Sent from my SCH-I605


----------



## CC16177 (Dec 29, 2011)

Unfortunately that didn't fix my problem but I love you anyways because I just figured out how to set my phone to only lock after 5 minutes of screen off rather than immediately...

But I still wanna know how to prevent my phone from waking up when I get a text... Someone has to know!

Sent from my SCH-I605 using Tapatalk 2


----------



## kxs783kms (Jul 18, 2011)

CC16177 said:


> Unfortunately that didn't fix my problem but I love you anyways because I just figured out how to set my phone to only lock after 5 minutes of screen off rather than immediately...
> 
> But I still wanna know how to prevent my phone from waking up when I get a text... Someone has to know!
> 
> Sent from my SCH-I605 using Tapatalk 2


Open up messages. Click menu> settings> and scroll down to the Notification Settings section and uncheck "Vibrate." Under it, it says "Also vibrate when notified. "


----------



## CC16177 (Dec 29, 2011)

kxs783kms said:


> Open up messages. Click menu> settings> and scroll down to the Notification Settings section and uncheck "Vibrate." Under it, it says "Also vibrate when notified. "


Well that got me halfway there. Now I don't get the annoying vibrate but the screen still comes on when I receive a text... I'll have to mess with the settings some more.

Sent from my SCH-I605 using Tapatalk 2


----------



## kxs783kms (Jul 18, 2011)

CC16177 said:


> Well that got me halfway there. Now I don't get the annoying vibrate but the screen still comes on when I receive a text... I'll have to mess with the settings some more.
> 
> Sent from my SCH-I605 using Tapatalk 2


Try Settings> Motion> and uncheck "Smart Alert" feature or "Quick Glance", which turns your screen on when you reach for it. (*If you have this on.*)


----------



## CC16177 (Dec 29, 2011)

kxs783kms said:


> Try Settings> Motion> and uncheck "Smart Alert" feature or "Quick Glance", which turns your screen on when you reach for it. (*If you have this on.*)

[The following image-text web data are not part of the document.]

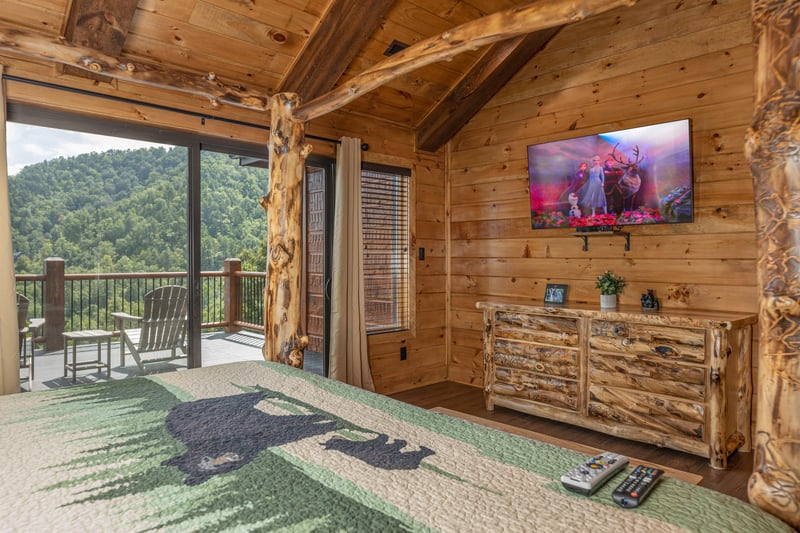 Dresser, TV, and deck access in a bedroom at Black Bears  Biscuits Lodge, a 6 bedroom cabin rental located in Pigeon Forge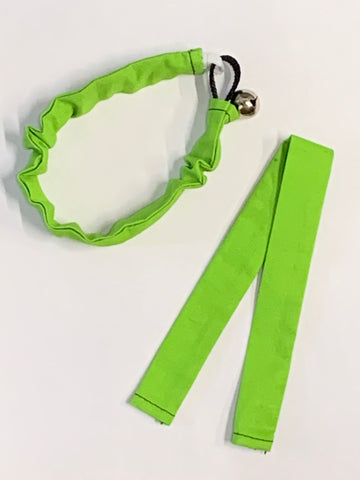 A green Kitty Holster Collar Cover (Made in USA) fabric hair tie with a ruffled elastic band and a small bell, alongside a pair of green hair ribbons.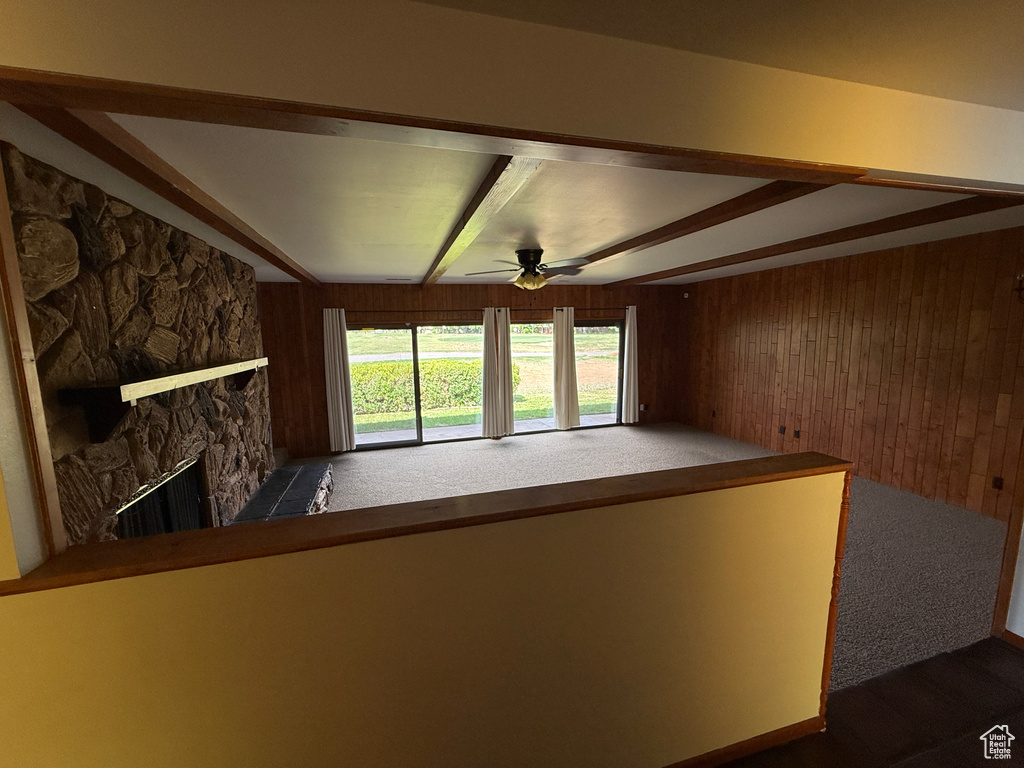 Unfurnished living room featuring wood walls, a ceiling fan, a fireplace, and beam ceiling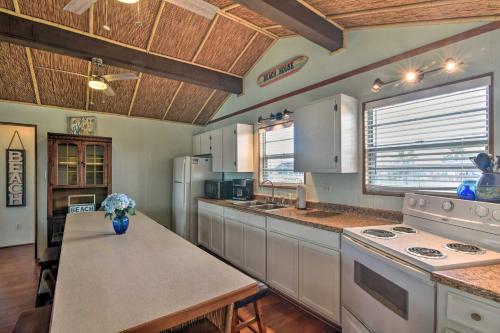 a large kitchen with white appliances and a table at Walk to Ocean Coastal Surfside Beach Bungalow! in Freeport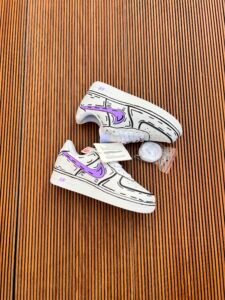 White custom low-top sneakers featuring colourful drip-art graphics in pink, blue, yellow, and purple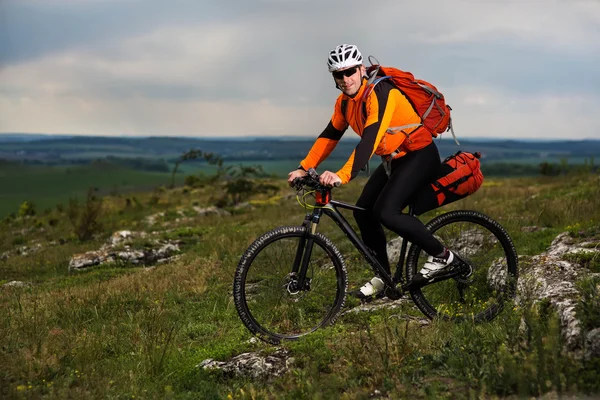 Joven ciclismo en un camino rural a través del prado verde — Foto de Stock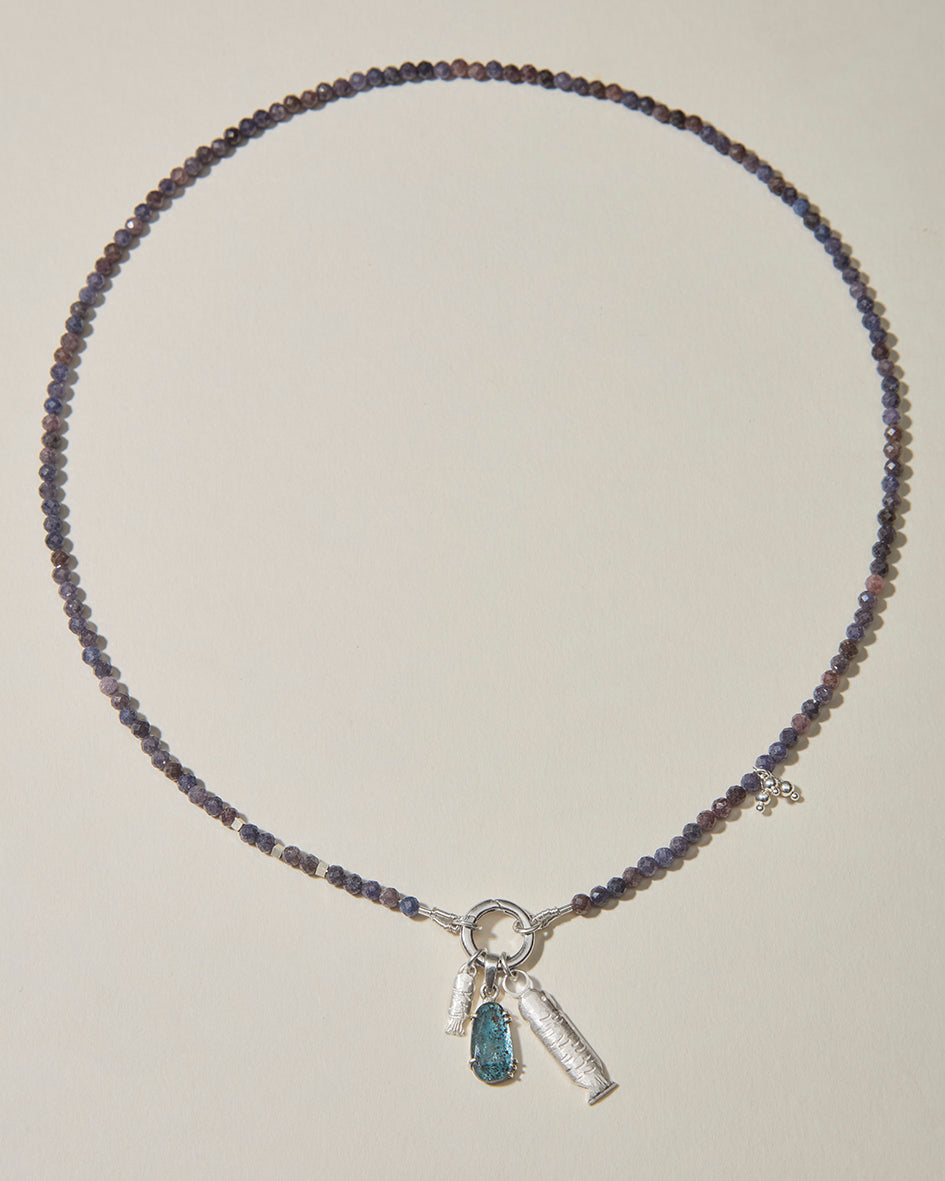 Full sapphire beaded necklace with sterling silver fish charms and blue-green kyanite pendant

Nope... I had both of those unselected... I very much appreciate the suggestions though keep em comin' if you have more lol


----------



## kxs783kms (Jul 18, 2011)

CC16177 said:


> Nope... I had both of those unselected... I very much appreciate the suggestions though keep em comin' if you have more lol


I'm all tapped out..lol


----------



## DaRkL3AD3R (Aug 6, 2011)

I'm thinking it's a bug and it will get fixed in 4.1.2.

I hope...

There is no setting to disable it by the way. This has been discussed by a lot of people and no one has a proper solution yet.


----------